Hastur wrote: ↑Mon Sep 16, 2019 6:27 am
Plastig bags are made from Ethane gas that comes of at the very top of the refining tower. Mostly from refining natural gas. They get the ethane out to prevent the gas from burning to hot. They used to burn of the ethane of at the top, remember the eternal lights on top of refining towers, until some smart guy figured out how to link the molecules into chains and make a great product instead.
They can’t stop making ethane. It’s a product of the refining process.
Few things burn as cleanly as ethane (or plastic bags). It leaves only heat, water vapor and some CO2.

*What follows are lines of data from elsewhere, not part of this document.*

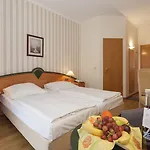 Seetelhotel Pommerscher Hof Wellnesshotel Im Herzen Der Kaiserbaeder Mit Direktem Zugang Zur Wellnessoase Shehrazade Hotel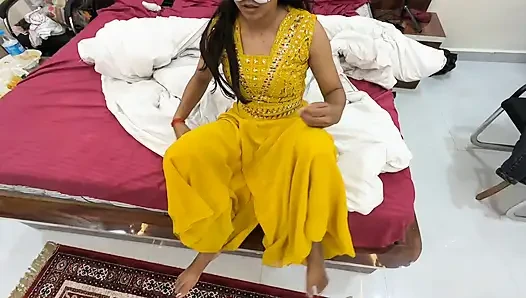 Üvey kız kardeş üvey erkek kardeşinin siyah kalın yarağını üvey kız kardeşinin ağzına sokturuyor, sonra etiketi aldı ve sikildi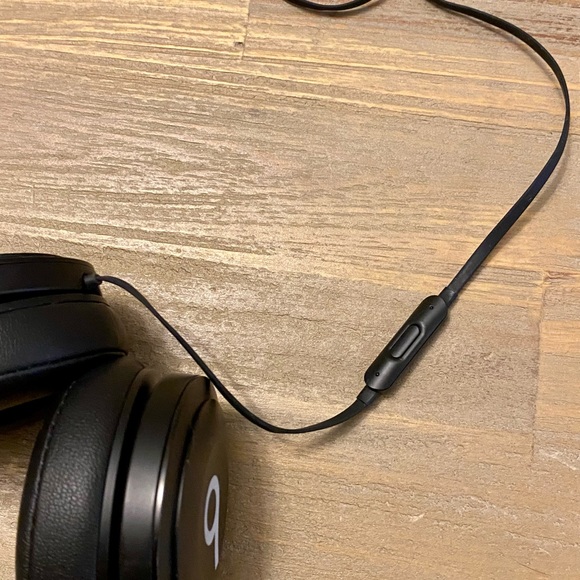 Dr. Dre Noise-Canceling Over-Ear Headphones, Black - Picture 7 of 9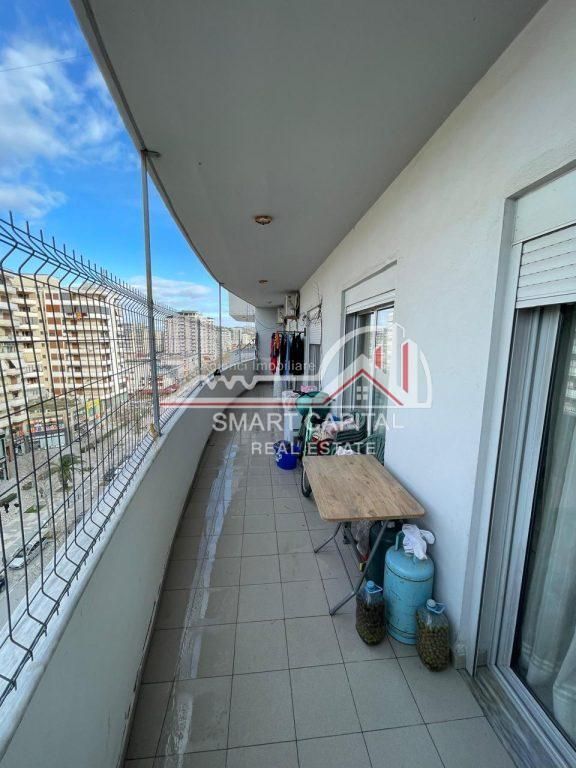 SHITET APARTAMENT 3 + 2 NË VLORE, PRANE SHKOLLES INDUSTRIALE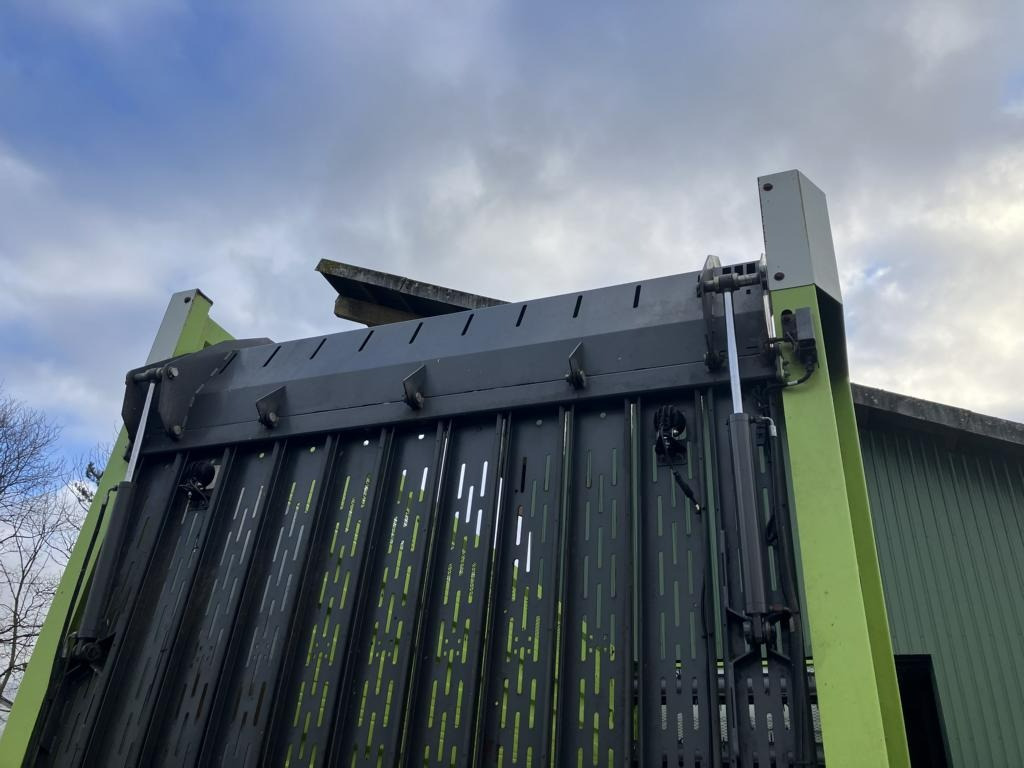 CLAAS CARGOS 8500 - Autochargeuse: photos 5 CLAAS CARGOS 8500 - Autochargeuse: photos 5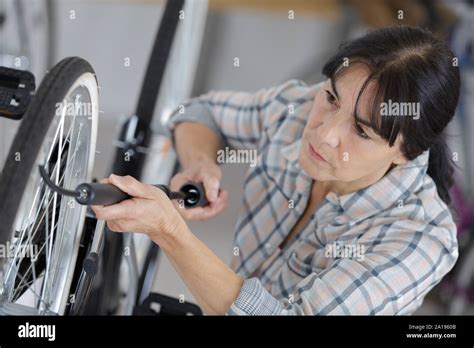 Woman Using Pump 的图像结果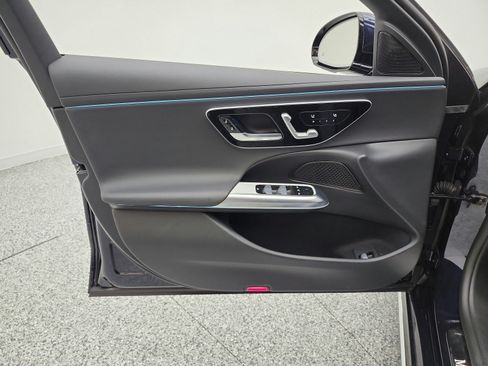 Certified 2024 Mercedes-Benz E 350 4MATIC Sedan image 12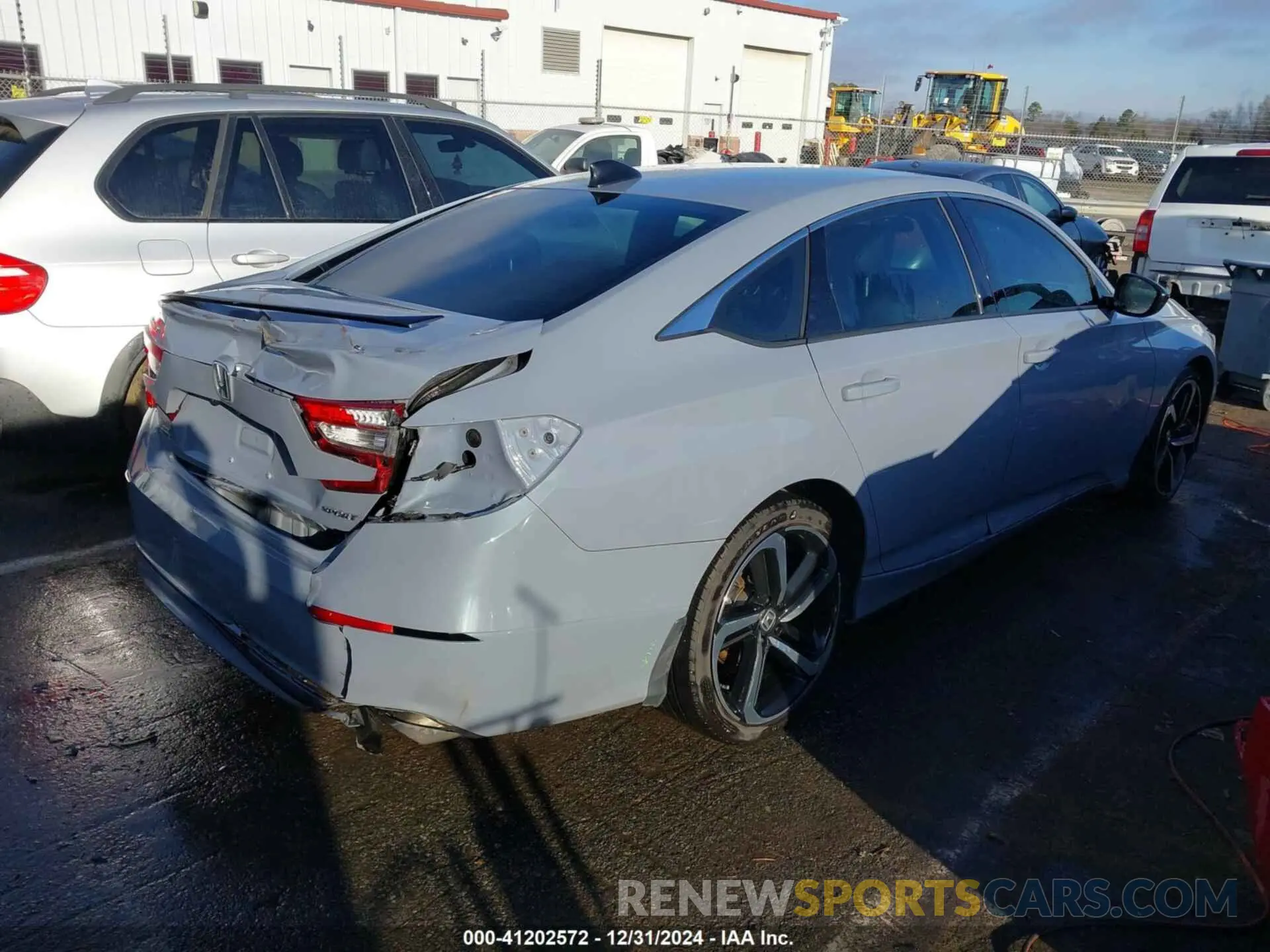 4 Фотография поврежденного автомобиля 1HGCV1F32NA108841 HONDA ACCORD 2022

Wow, 3 pages added in under a day.
Yes, the stuff used for plastics is a byproduct of the refining process. One 42 (iirc) gallon standard "barrel" of oil produces some refined gasoline, some diesel (less refined), and a bunch of byproducts that are used for motor/lubrication oils (various grades) as well as plastics. You don't just "stop burning gasoline/diesel" and *still* get all those other refined products.
Ethane if course is used in polyethylene (PETE, #1 recyclable) - "soda bottle" plastic, also high density polyethylene (HDPE, #2) "milk jug" plastic, low density polyethylene (LDPE, #4) "flexible lid" plastic (lid on milk jugs, snap on lids for coffee cans, etc). #3 is polyvinyl chloride (PVC), #5 is polypropylene, and #6 is polystyrene... Pretty sure all of them come from other refining byproducts of oil.
Of course on the bright side, if the US stops burning all that gasoline/diesel, there's sure to be good money to be made selling it to China and other countries at a cheap price, while we use the plastic byproducts. Doesn't really do much to prevent all that CO2 though, just changes who is burning it.